The recent development of methods for measuring bone mineral content in children has markedly improved our ability to determine changes in bone mass during growth. Currently, the three most generally accepted techniques for measuring the bones of children are dual-energy X-ray absorbtiometry (DXA), quantitative computed tomography (QCT) and quantitative ultrasound (QUS). These techniques vary considerably in their acquisition of data and comparisons between them are difficult and, more often than not, judgment regarding their value has been, at least partially, subjective. DXA is, by far, the most widely used technique for bone measurements. It is low in cost, accessible, easy to use, and provides an accurate and precise quantitation of bone mass in adults. Unfortunately, DXA is unable to account for the large changes in body and skeletal size that occur during growth, limiting its use in longitudinal studies in children.

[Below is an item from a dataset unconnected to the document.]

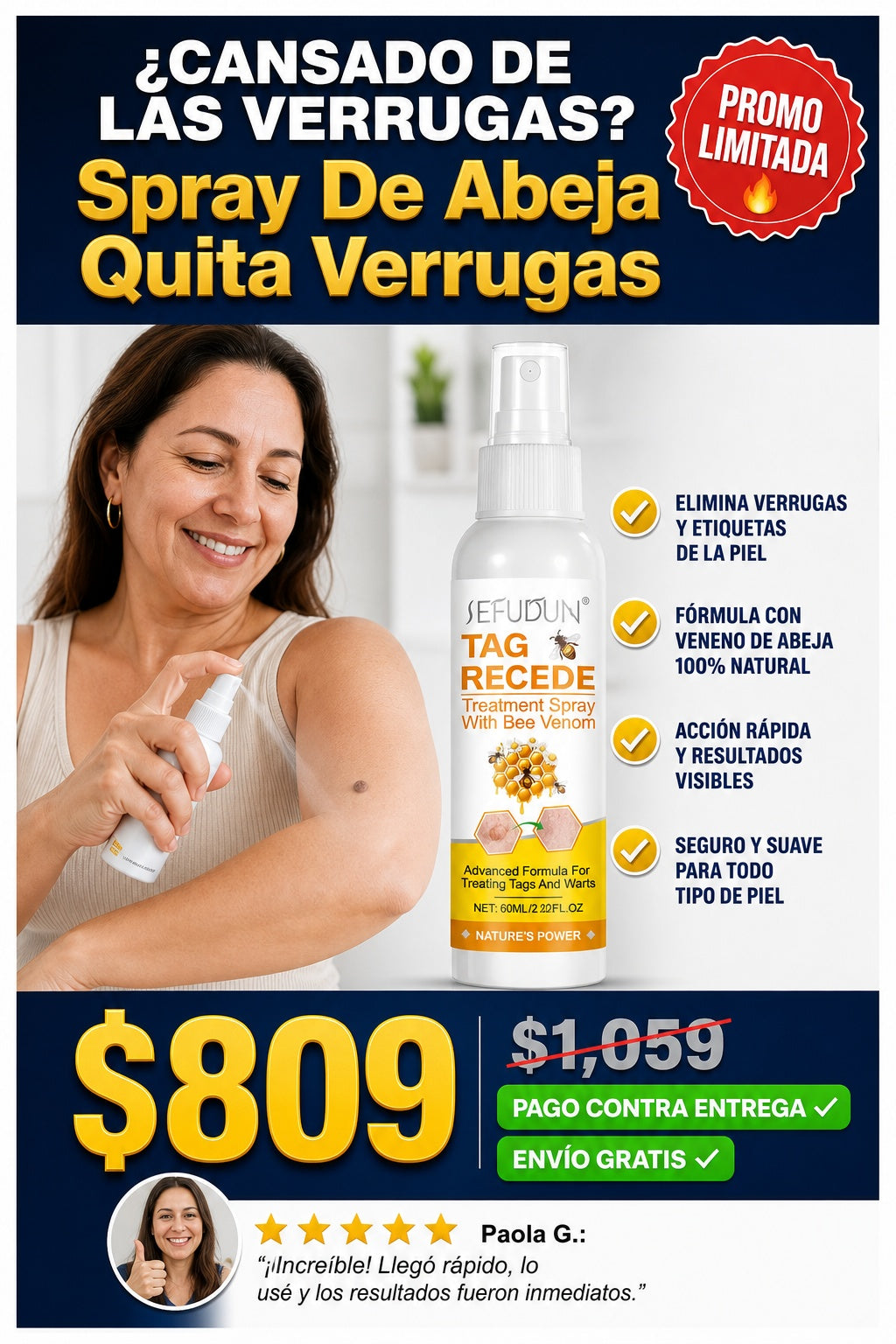 Spray De Abeja Quita Verrugas - imagen 3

QCT can asses both the volume and the density of bone in the axial and appendicular skeletons, without influence from body or skeletal size, giving it a major advantage over other modalities for bone measurements in children. The cost and inaccessibility of CT scanners, however, has significantly limited its use for bone measurements. Measuring the bones of children by QUS is appealing because ultrasound is low in cost, portable, easy to use and does not emit radiation. In adults, this technique is able to predict fracture risk independent of bone mass determinations in patients with osteoporosis and, therefore, its measurements must be related to certain aspects of bone strength. However, ultrasound values are dependent on so many structural properties not yet fully understood, that it is difficult to use the information meaningfully in children.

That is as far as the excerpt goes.